|Tapping out? Not a big deal for AmDrag|
Photo Credit: WWE.com
With all due respect to those complaints, I think they're a bit misplaced for several reasons. Submitting isn't an option only reserved for the yellow-bellied heels anymore, and Bryan being a submissions expert means that he more than anyone should know why tapping out is more than a valid option.
First off, why would anyone submit? As wrestling fans, we've been trained to believe that you take the pain in a submission hold as long as you can until you pass out from the sheer torture if you're one of the good guys. The classic example of this is WrestleMania 13, when Steve Austin, bloodied and wrangled in the Sharpshooter by Bret Hart, passed out in an "I Quit" match, thus setting the bar for the ultra-popular. From a storytelling standpoint, it provided great theater. It would have provided a shining example of one guy's "never say die" attitude if it were the only example, but as always in wrestling (especially with WWF/E), overuse has diluted it.
I'm not sure if it was that WM13 moment that made it uncool for the good guy to tap out or whether it was just a reamplification of an old wrestling talking point where good guys fought on and bad guys surrendered, but for a period of almost a decade, heels as a rule didn't have effective submission holds. There were exceptions, but at the same time, tapping out was very much taboo. Hell, there are still more-than-vestigial signs in current wrestling companies as mainstream as Impact Wrestling that still see the tap out as something to look down on, or at least something that's not easily obtained. The Bound for Glory Series awards 10 points for a submission victory, the most on its slate.
The truth of the matter is that tapping out should be the easiest way to win a match. The amount of effort it takes to kick out of the average pin attempt is minimal, making it much harder for the victor to exert the damage needed to knock the victim out for three seconds. Think about it, all you have to do is get a shoulder up. Meanwhile, even the simplest looking submission hold can be a pain to get out of or to maneuver in if you're far enough from the ropes, even for someone who enters a match in good health and stamina. Furthermore, if you're in a submission hold for a prolonged time, realistically, you heighten your chances for getting severely injured.
So, shouldn't a submission master like Bryan know best how much damage a hold can do on his body? I've mentioned it a few times on here, but tapping out is smart in the long term, and really, Bryan is portrayed as a smart wrestler, be it positively through his in-ring exploits or pejoratively by Michael Cole continually calling him a NERRRRRRRRRRRRRRRRRRRRRRRRRD.

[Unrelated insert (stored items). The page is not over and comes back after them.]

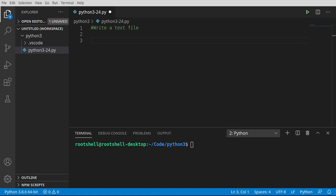Welcome back everyone. My name is Brian and we're going to continue our journey into Python 3 and talk about how to write a text file. This is plain text, not binary.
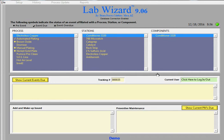So the first part of this demo will be going over the basic screens in LabWizard and what it offers. There will be other demonstrations with more detail.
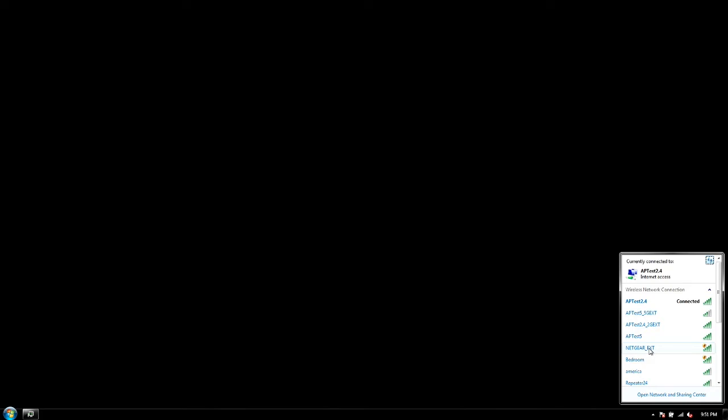Anyway, this is going to be the tutorial on how to set it up in access point mode. Now if you're looking for extender mode, I have another video on my channel. There should be a link in the description of this video below and I'll also try to throw an annotation on the screen about now.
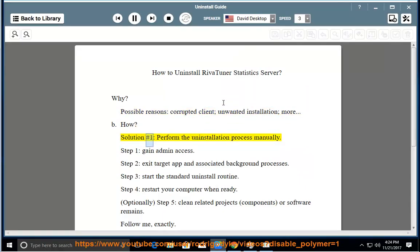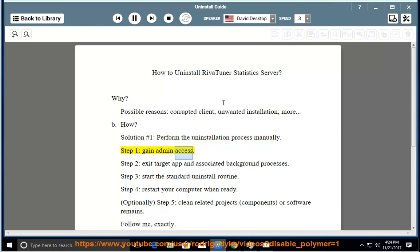Solution number 1: Perform the uninstallation process manually. Step 1: Gain admin access.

Then again, I guess it bears mentioning how much realism you want in your wrestling. Personally, I'm fine if they keep it heavily "unrealistic" for the sake of tradition and storytelling, because hey, if I wanted to watch real fighting, I'd watch MMA or boxing. Wrestlers can do things that these "legit" athletes can't do because of the scripted nature of it all, and I'll defend until I'm blue in the face the natural order of things. That being said, I do appreciate nods to realism and strategy. I also appreciate attempts to destigmatize various finishes in pro wrestling. When you make the number of finishes that are viable more open and broad, you open up matches for better storytelling.
So, don't lament that del Rio tapped Bryan two weeks in a row. I'd say be happy that Bryan is seemingly being groomed for the main event, tangling with the now-WWE Champion two weeks in a row, looking damn good doing it. That's the important thing to take from the last two Smackdowns.